What to work on =
Repeat the data that follows exactly, starting at the line with "Barcillonnette - 3" and ending at the line with "高校項目管理系統(tǒng)排名前列的有哪些？", and leave out every picture.

Dataset records =
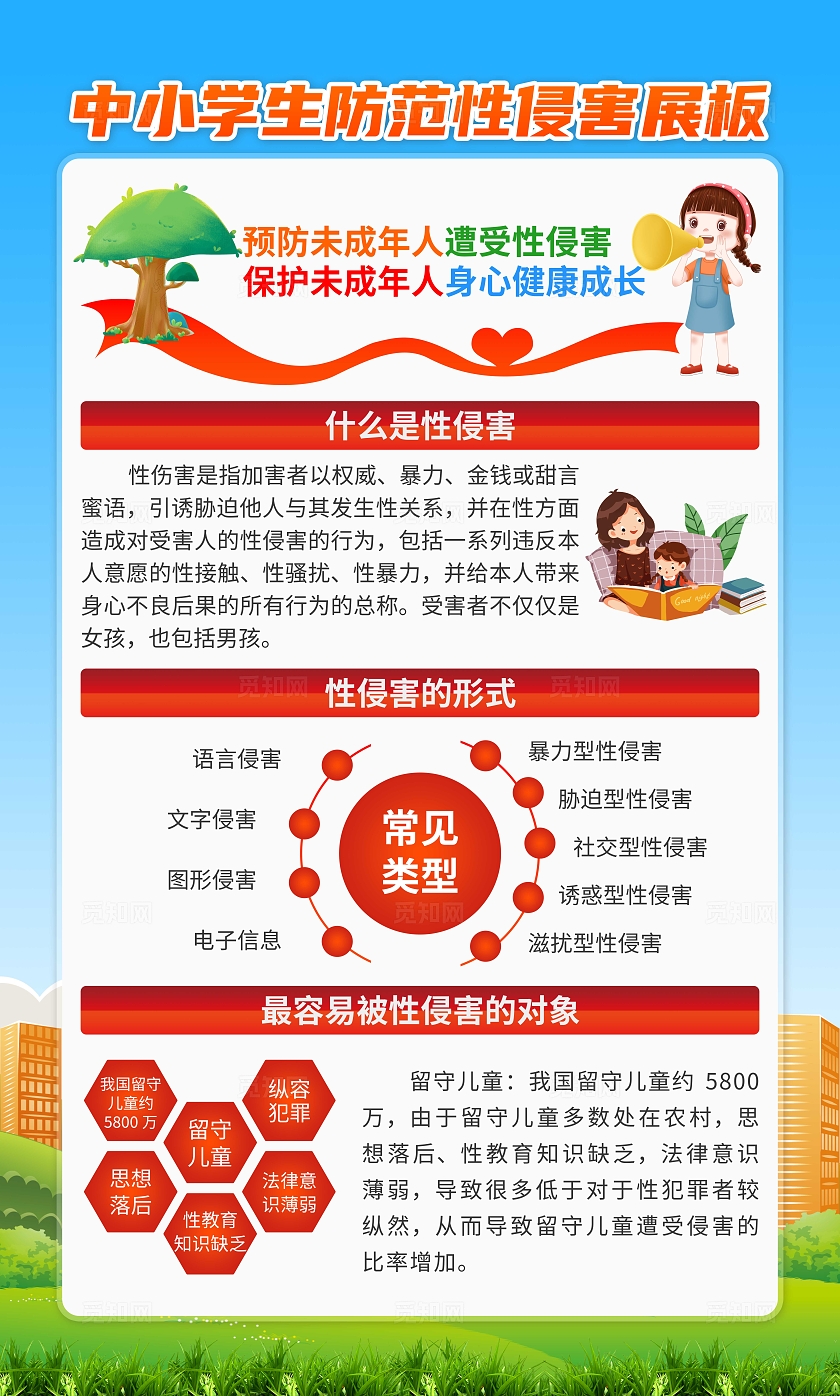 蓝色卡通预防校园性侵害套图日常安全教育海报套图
...
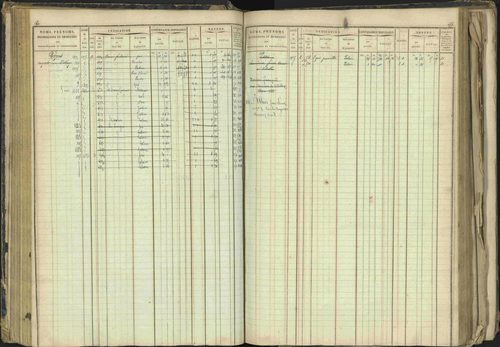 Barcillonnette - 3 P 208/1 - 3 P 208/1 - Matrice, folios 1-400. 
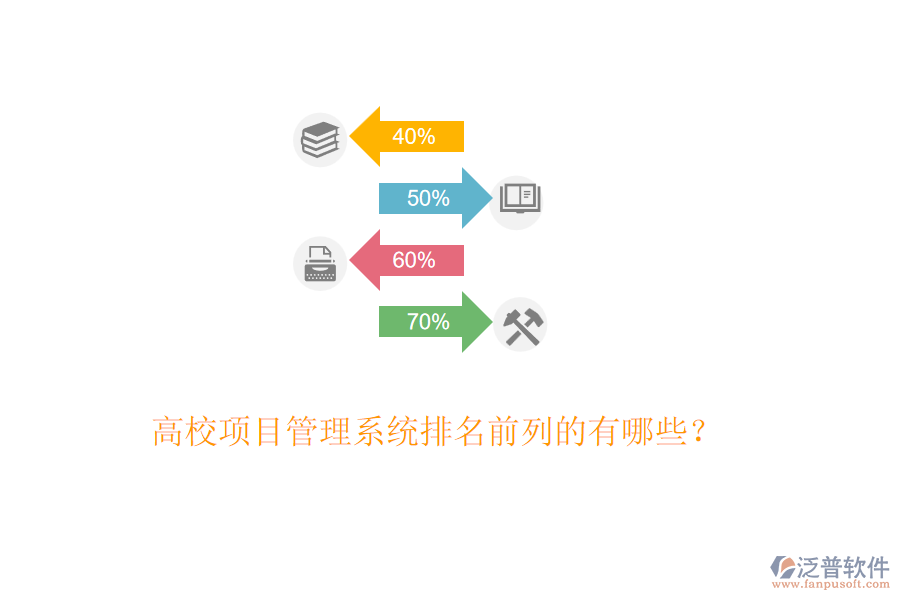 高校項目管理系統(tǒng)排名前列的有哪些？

Solved problem =
 Barcillonnette - 3 P 208/1 - 3 P 208/1 - Matrice, folios 1-400. 
 高校項目管理系統(tǒng)排名前列的有哪些？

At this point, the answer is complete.